▶ **WHAT YOU HAVE TO DO**:
From the data below, copy exactly the lines that lie between the one holding "Size: 2751x2213 |" and the one holding "Image of AmzPrint", including both, and nothing more.

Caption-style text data
Start of Block

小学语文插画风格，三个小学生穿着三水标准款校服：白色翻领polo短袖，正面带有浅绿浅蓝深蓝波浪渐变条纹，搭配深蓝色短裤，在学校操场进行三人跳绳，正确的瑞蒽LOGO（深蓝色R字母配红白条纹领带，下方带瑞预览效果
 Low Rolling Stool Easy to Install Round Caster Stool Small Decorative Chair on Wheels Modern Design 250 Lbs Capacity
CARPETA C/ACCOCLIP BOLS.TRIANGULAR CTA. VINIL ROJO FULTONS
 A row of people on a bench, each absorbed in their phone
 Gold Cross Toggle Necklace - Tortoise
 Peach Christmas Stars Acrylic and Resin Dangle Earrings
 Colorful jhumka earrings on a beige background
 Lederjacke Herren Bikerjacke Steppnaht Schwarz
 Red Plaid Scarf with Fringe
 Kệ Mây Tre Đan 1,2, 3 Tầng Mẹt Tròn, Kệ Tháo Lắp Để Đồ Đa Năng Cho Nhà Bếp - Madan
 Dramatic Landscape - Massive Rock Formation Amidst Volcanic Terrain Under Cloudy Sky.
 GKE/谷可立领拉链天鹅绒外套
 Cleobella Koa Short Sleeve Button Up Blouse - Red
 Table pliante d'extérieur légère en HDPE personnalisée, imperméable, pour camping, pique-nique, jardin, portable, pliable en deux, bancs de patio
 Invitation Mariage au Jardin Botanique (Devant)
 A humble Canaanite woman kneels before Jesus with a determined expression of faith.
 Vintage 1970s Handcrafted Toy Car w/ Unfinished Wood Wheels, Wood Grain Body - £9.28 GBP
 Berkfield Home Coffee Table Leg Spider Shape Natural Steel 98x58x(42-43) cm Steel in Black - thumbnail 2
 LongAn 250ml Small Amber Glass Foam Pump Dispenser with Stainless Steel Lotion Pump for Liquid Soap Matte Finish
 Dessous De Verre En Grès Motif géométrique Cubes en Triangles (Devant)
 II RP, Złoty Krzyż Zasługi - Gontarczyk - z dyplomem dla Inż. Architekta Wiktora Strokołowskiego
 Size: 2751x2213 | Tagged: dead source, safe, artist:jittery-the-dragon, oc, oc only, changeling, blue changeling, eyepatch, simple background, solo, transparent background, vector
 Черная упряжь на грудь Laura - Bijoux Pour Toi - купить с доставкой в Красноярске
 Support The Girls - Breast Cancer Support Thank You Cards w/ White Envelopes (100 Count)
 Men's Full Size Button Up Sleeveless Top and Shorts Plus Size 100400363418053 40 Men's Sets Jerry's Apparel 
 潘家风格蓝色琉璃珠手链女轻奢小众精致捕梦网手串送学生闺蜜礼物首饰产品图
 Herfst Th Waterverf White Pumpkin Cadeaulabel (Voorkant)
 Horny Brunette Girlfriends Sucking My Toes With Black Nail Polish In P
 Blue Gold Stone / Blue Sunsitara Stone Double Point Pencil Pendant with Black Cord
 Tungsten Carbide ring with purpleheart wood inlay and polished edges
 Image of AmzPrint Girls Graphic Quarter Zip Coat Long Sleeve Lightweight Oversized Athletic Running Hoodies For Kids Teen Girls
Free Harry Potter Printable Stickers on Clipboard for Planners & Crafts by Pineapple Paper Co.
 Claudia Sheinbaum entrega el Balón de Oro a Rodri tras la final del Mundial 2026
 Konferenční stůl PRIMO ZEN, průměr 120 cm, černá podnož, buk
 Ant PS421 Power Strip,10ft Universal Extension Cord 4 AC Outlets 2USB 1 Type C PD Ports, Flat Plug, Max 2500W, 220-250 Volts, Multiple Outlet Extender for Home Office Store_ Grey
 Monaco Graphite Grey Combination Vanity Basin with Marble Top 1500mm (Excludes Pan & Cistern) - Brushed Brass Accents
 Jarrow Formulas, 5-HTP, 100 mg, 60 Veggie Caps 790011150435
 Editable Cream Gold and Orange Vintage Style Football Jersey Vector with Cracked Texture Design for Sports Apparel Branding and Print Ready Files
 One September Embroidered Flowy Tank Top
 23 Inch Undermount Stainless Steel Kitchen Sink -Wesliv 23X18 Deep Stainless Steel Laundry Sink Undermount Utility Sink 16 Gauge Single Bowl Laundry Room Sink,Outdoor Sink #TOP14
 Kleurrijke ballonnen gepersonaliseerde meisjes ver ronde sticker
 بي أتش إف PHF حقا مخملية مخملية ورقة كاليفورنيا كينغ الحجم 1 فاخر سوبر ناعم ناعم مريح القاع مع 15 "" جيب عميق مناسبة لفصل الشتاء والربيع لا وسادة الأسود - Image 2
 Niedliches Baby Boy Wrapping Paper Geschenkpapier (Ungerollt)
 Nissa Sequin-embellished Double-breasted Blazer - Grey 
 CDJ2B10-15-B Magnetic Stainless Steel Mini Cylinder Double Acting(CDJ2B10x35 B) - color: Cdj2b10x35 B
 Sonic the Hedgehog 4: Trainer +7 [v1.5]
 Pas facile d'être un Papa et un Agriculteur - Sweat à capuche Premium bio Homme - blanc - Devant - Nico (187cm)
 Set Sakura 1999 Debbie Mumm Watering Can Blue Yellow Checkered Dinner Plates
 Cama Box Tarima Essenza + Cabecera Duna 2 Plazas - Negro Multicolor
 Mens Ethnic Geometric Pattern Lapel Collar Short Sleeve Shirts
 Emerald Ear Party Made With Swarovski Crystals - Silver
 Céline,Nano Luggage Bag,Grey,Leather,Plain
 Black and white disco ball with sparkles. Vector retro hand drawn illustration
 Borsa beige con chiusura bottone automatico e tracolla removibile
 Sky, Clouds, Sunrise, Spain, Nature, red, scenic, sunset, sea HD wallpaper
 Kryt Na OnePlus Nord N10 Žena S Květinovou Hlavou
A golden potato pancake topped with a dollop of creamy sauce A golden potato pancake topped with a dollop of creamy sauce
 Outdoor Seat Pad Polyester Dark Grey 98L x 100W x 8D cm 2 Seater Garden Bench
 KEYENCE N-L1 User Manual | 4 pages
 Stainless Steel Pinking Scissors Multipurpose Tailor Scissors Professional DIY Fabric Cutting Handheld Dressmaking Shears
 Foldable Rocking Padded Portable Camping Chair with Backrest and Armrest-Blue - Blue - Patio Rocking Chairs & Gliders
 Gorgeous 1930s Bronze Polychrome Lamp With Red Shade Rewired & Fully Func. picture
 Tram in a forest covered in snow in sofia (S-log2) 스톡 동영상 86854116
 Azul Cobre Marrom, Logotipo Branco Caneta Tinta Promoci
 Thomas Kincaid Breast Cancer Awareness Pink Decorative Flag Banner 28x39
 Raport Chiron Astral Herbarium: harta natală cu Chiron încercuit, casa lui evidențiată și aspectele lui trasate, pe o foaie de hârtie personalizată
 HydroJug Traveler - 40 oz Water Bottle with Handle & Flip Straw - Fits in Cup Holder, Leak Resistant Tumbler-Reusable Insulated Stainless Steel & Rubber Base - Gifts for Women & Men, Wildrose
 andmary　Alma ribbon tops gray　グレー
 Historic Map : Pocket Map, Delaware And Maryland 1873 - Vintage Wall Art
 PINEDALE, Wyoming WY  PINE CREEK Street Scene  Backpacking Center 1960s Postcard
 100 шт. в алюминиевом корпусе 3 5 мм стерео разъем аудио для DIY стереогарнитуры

End of Block

▶ **WRITTEN ANSWER**:
 Size: 2751x2213 | Tagged: dead source, safe, artist:jittery-the-dragon, oc, oc only, changeling, blue changeling, eyepatch, simple background, solo, transparent background, vector
 Черная упряжь на грудь Laura - Bijoux Pour Toi - купить с доставкой в Красноярске
 Support The Girls - Breast Cancer Support Thank You Cards w/ White Envelopes (100 Count)
 Men's Full Size Button Up Sleeveless Top and Shorts Plus Size 100400363418053 40 Men's Sets Jerry's Apparel 
 潘家风格蓝色琉璃珠手链女轻奢小众精致捕梦网手串送学生闺蜜礼物首饰产品图
 Herfst Th Waterverf White Pumpkin Cadeaulabel (Voorkant)
 Horny Brunette Girlfriends Sucking My Toes With Black Nail Polish In P
 Blue Gold Stone / Blue Sunsitara Stone Double Point Pencil Pendant with Black Cord
 Tungsten Carbide ring with purpleheart wood inlay and polished edges
 Image of AmzPrint Girls Graphic Quarter Zip Coat Long Sleeve Lightweight Oversized Athletic Running Hoodies For Kids Teen Girls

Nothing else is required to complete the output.